Task to complete:
After locating the line with "2022 Honda HR-V - Image 14", repeat it and every following line to the end of the listing, exactly. Omit the pictures.

Entries supplied:
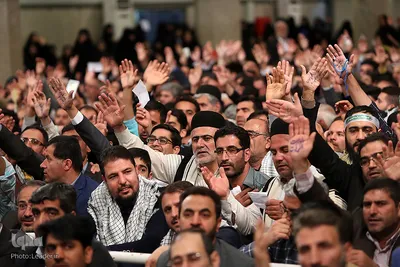 دیدار معلمان و فرهنگیان با رهبر انقلاب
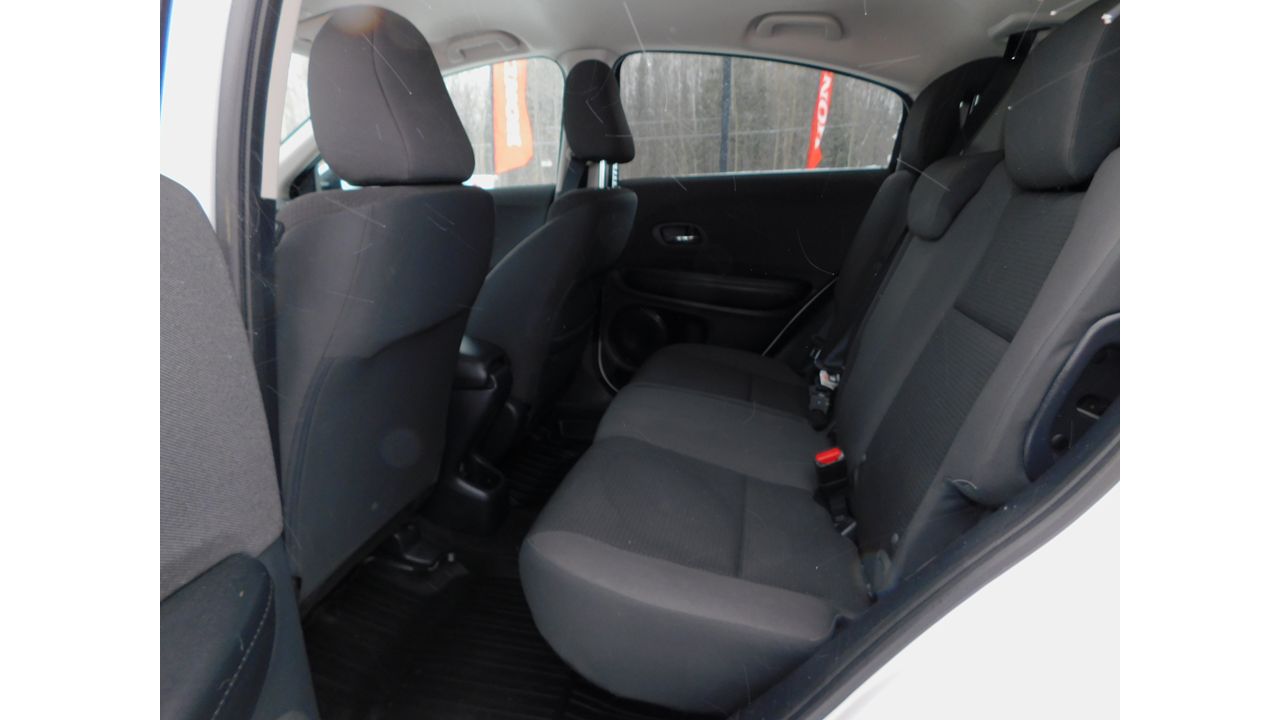 2022 Honda HR-V - Image 14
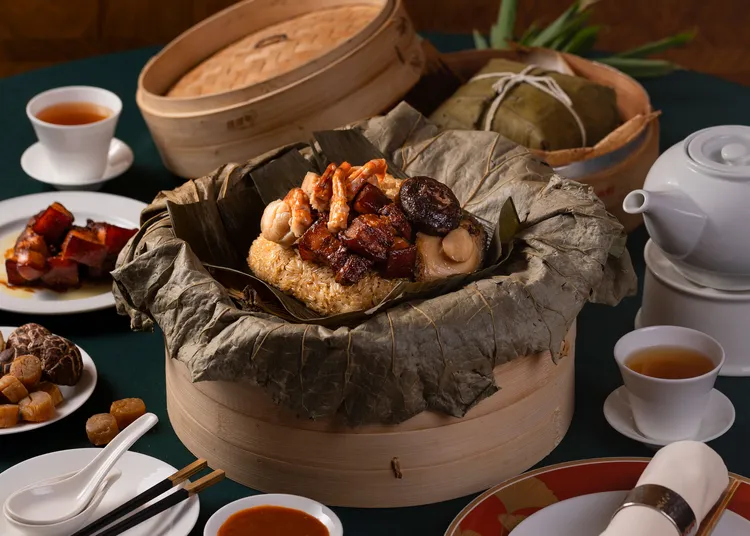 桃花林鎮店首選豪華荷香粽，荷葉包裹增加糯米飯香氣，食材精華充分融合滲透，飄香馥郁散發淡雅鹹香滋味。業者提供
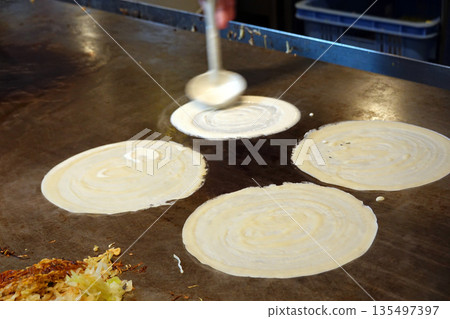 Hiroshima style okonomiyaki 135497397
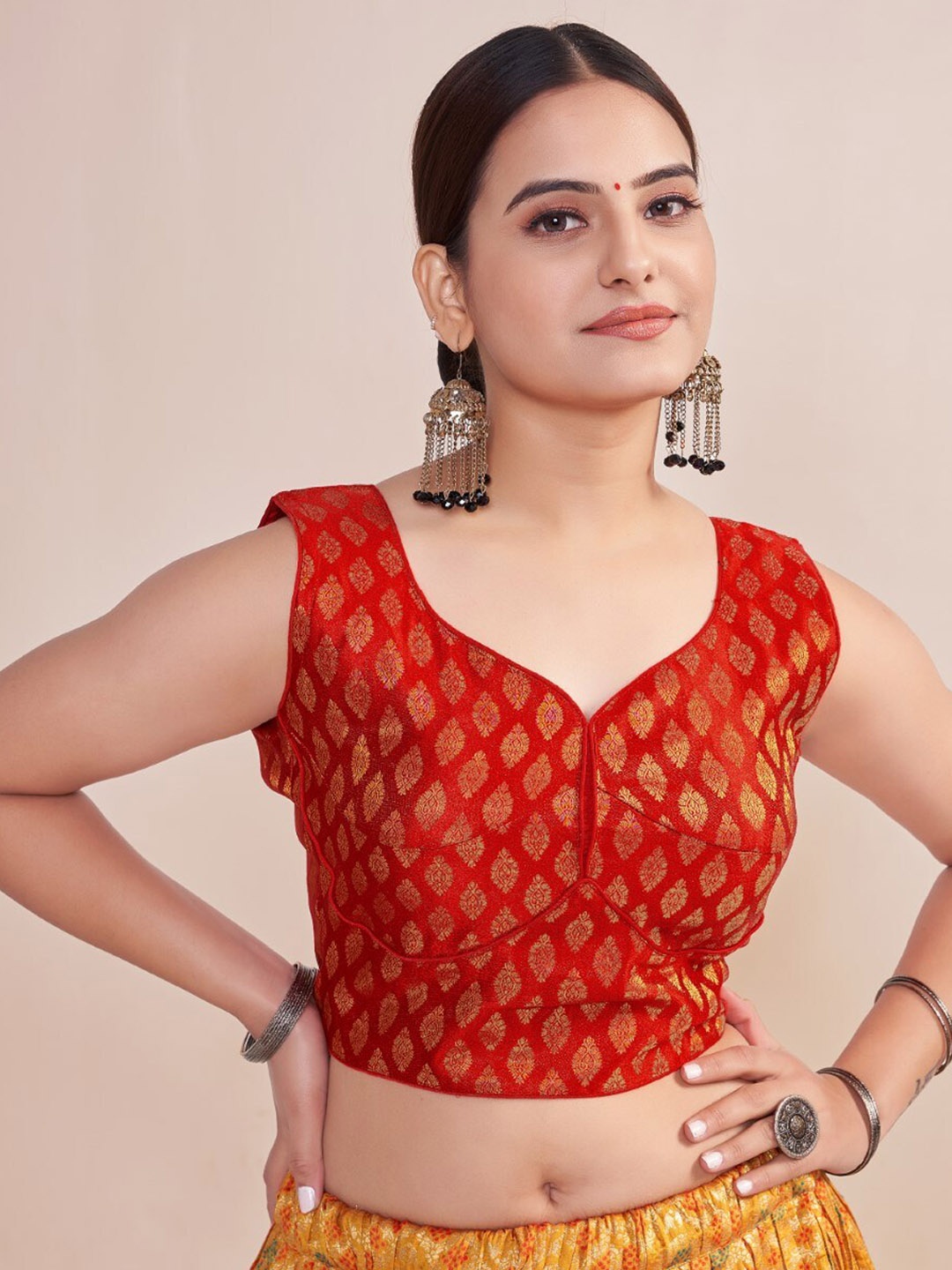 

HIMRISE Jacquard Woven Sleeveless Saree Blouse, Red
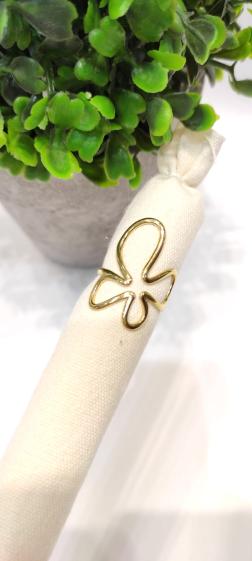 Wholesaler Lolo & Yaya - Timeless Deloris flower ring in stainless steel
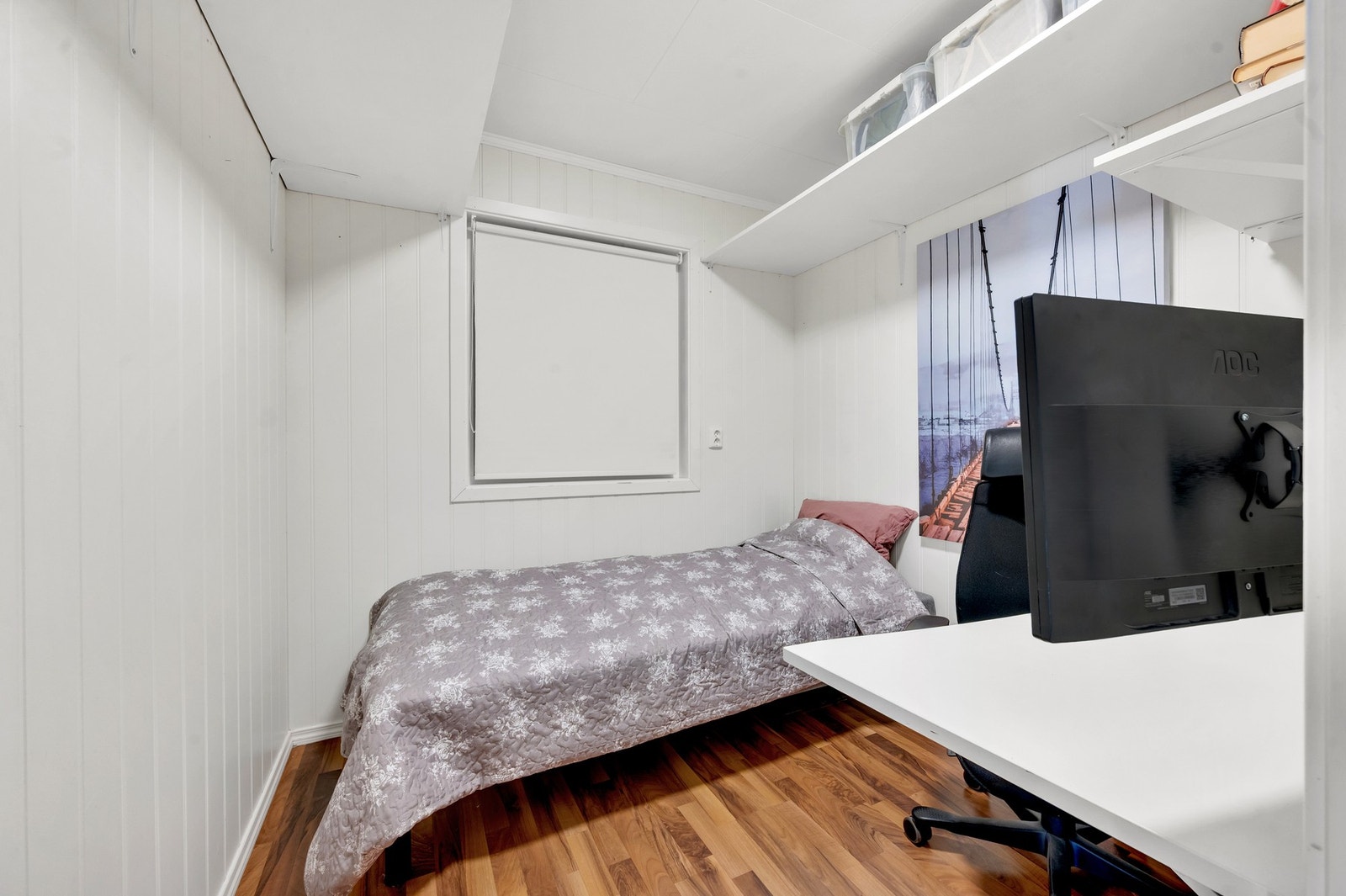 Bod er i dag innredet som hjemmekontor med en gjesteseng. Galleribilde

Written solution:
 2022 Honda HR-V - Image 14
 桃花林鎮店首選豪華荷香粽，荷葉包裹增加糯米飯香氣，食材精華充分融合滲透，飄香馥郁散發淡雅鹹香滋味。業者提供
 Hiroshima style okonomiyaki 135497397

HIMRISE Jacquard Woven Sleeveless Saree Blouse, Red
 Wholesaler Lolo & Yaya - Timeless Deloris flower ring in stainless steel
 Bod er i dag innredet som hjemmekontor med en gjesteseng. Galleribilde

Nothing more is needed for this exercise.